This page tracks our priorities for future enhancements to xspec. It is divided into two categories : large projects and small projects based on the estimated amount of effort required.
- Large Projects
- Provide XSPEC functions in Python.
- This is likely to require some reworking of top-level objects.
- It is probably not a good idea to provide access to lower-level objects.
- Generalize goodness command to use variety of statistics with option of parametric bootstrap. Also remove probability statement from the standard
- output at the end of the fit since this is not statistically valid.
- Parallelization for multi-core machines.
- OpenMP is included in gcc since 4.2 and provides simple #pragma commands.
- This is shared memory so need to avoid race conditions.
- Identify cpu-intensive models and try to add multi-threading.

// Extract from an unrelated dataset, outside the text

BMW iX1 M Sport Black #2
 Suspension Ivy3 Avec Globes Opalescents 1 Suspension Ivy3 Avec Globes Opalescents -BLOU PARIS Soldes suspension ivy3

- Provide XSPEC functions in Python.
- Small Projects
Create model cross-reference table (under work at Model classification).
- Add a redshift parameter to any model by prefacing the name with z.
- Implement by passing shifted energyArray to model function.
- This will not work for the cooling flow models which require the redshift be passed into the function.
- Can we come up with something to help users convert v11 scripts with /b models into the equivalent v12 syntax?
- Look at extending the projct model so it works for the case of different numbers of data sets in each annulus (see e-mail conversation with Paul Nulsen).
- Read keywords in response file to determine hard limits when using gain fitting. Could also automatically add gain fitting to all models if the keywords are set.